• Aim of the exercise
Only the pictures should be dropped; every line of the data must come back exactly as written.

──────── The data

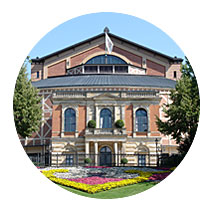 Das Festspielhaus in der Wagner-Stadt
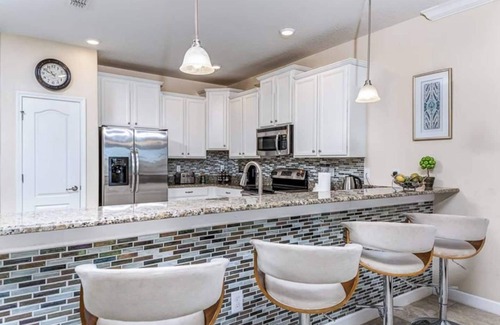 Davenport House | This house is a 8 bedroom(s), 5 bathrooms, located in Davenport, FL.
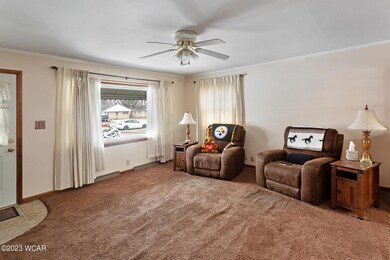 514 S Wagner Ave, Wapakoneta, OH 45895 - photo 3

────────────────

• Solution to this task
 Das Festspielhaus in der Wagner-Stadt
 Davenport House | This house is a 8 bedroom(s), 5 bathrooms, located in Davenport, FL.
 514 S Wagner Ave, Wapakoneta, OH 45895 - photo 3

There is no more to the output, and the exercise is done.